Tokenizer / Token filter to add space between non-spaced Atlas search input

viraj_thakrar · May 26, 2024, 10:40am

I am configuring search index for one of the projects, have been creating custom analysers with different combination of Character filter, Tokenizer and Token filters.

I’ve a specific case which seems to be almost impossible to achieve keeping $search stage as first stage (we have not other option at the moment because Atlas doesn’t support any other stages before the search stage I believe), aggregation level with available set of Tokenizer and token filters on Atlas.

Case:

Stored data:

There are strings stored as “xxxx xxxx 1.5 mL xxxxxxx xxxxxxx”, “xxxx xxxx 1.0 cc xxxxxxx xxxxxxx”.

User input:

“1.5mL”, “1.0cc”, “1cc” (notice the input is without space vs, what’s stored in the data)

Things tried:

Wordgraphdelimeter

Wordgraphdelimeter to split word on case change, number, and concatenate on word, numbers and all

This gives results but results with 15ml coming before 1.5 ml

Regexsplit

Split on alphanumeric boundaries

Not giving results at all

Used custom analyser with Search analyser only, not in index analyser

When I take a look at the explain stage, there are no term or phrase query with [“1.5 ml”]

The only way possible I am able to see right now is to generate combinations at a driver level and pass it to the query.

I want to manage this at an analyser level or at aggregation level, before thinking about generation combinations at a driver level.

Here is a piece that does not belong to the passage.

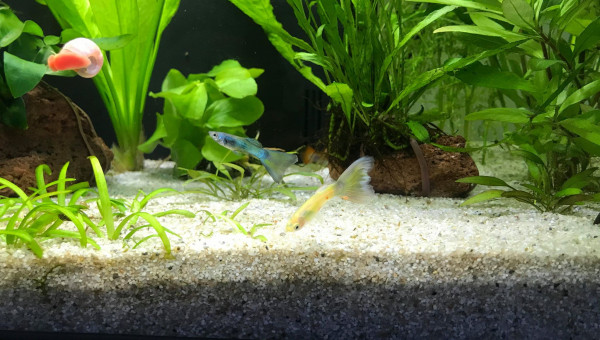 Duo guppy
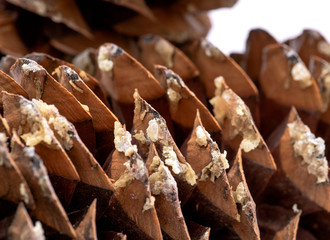 Macro shot of give off sap from giant sugar pine cone harvested in the pacific northwest.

Any thoughts / ideas / inputs would be helpful.

I think if we don’t find a way and have to go to driver to manage this case, I think the feedback request for allowing stages before $search stage would really help here.

Aasawari · May 27, 2024, 7:49pm

Hi @viraj_thakrar, its good to see you at the forum.

Could you help me clarify the above statement ? Does this mean, you would like to see the results in ascending order ?

If I understand correctly, the user input mentioned describes a quantity, would it be possible to query by making use of vector search ?

The $search is the first stage of the pipeline as under the covers, it instructs the system to execute a text search operation against an internally synchronised Lucene full-text index.
But if you wish to have a this feature, would recommend you going through the MongoDB Feedback Engine to raise the request.

Regards
Aasawari

viraj_thakrar · May 30, 2024, 7:13am

Hi @Aasawari ,

Thank you for taking a look at this scenario.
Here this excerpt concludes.